To make that difference, said Andrew Perolls, CEO of sustainable travel consultancy Greengage, “buying decisions need to balance convenience, cost and CO2.” But companies need to show real intent to convert this neatly alliterative slogan into practice. For Julia Fidler, senior sustainability program manager for procurement at Microsoft, that means upending traditional procurement practice and operating a double bottom line: one for financial performance and a second for environmental impact.
“We’ve delivered a signal by sharing that we’re willing to pay extra for sustainable fuel,” said Fidler. “Our ability to say we have looked at this beyond the normal procurement perspective has had a ripple effect. The interest from our peers and suppliers has been fantastic.”
Making Lower-Carbon Buying Choices
“Before choosing between two airlines, we have to think: ‘do we need to travel?’” said Horst Bayer, founder of TravelHorst Sustainable Business Travel Consulting. “If we decide it is necessary to travel, then yes, we should look at whether one is more environmentally friendly than another.”
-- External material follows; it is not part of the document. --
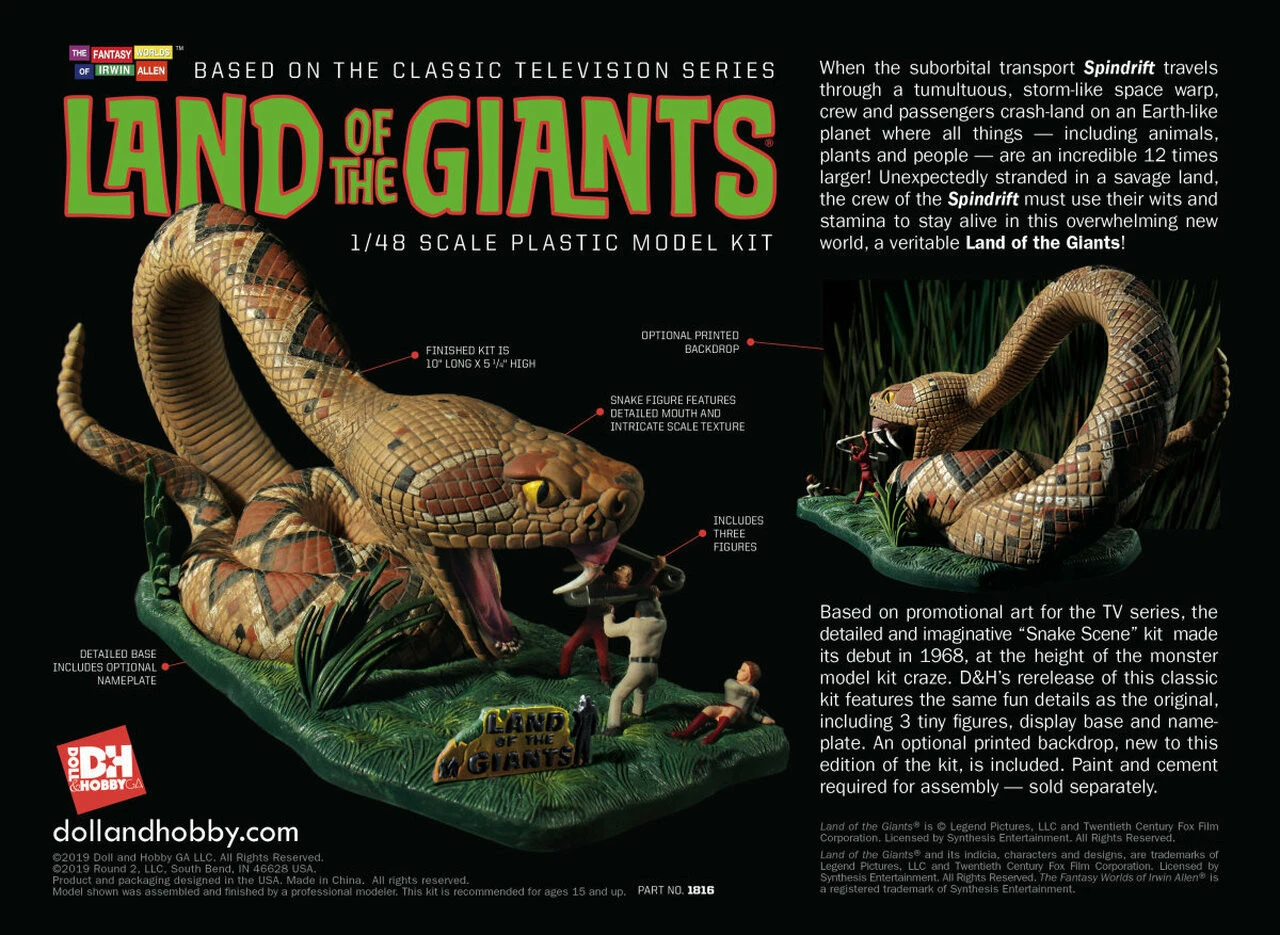D&H Georgia DHG1816 - 1/48 Land Of The Giants Snake Diorama Model Kit 5 D&H Georgia DHG1816 - 1/48 Land Of The Giants Snake Diorama Model Kit - Image 5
Factors which inform this determination are complex. They include aircraft type, engine choice, load factor, fuel selection, route and altitude flown. According to Cait Hewitt, deputy director of the UK-based Aviation Environment Foundation, which campaigns on the impact of aviation on people and the environment, the differences can be huge. “The work most helpful to us is done by The International Council on Clean Transportation, which suggests there can be a difference of 60 percent on a transatlantic flight from one airline to another,” she says.
Pressurizing Suppliers to Go Greener
Avery finds that “getting emissions data from airlines is a challenge.” He presses them for average emissions per passenger per route but it is rarely forthcoming.
Hewitt encourages buyers to keep pestering. “There is almost an immediate response from carriers that it’s too complicated,” she said, “but it would be helpful if travel managers put pressure on airlines to give them the data to make better decisions. It applies pressure on them to upgrade their fleets earlier than they would do purely for financial reasons.”
That’s only one way in which corporate customers can influence their suppliers. Hewitt believes clients should set out the environmental standards they expect of suppliers, for example by urging airlines not to resist being included in global net zero commitments.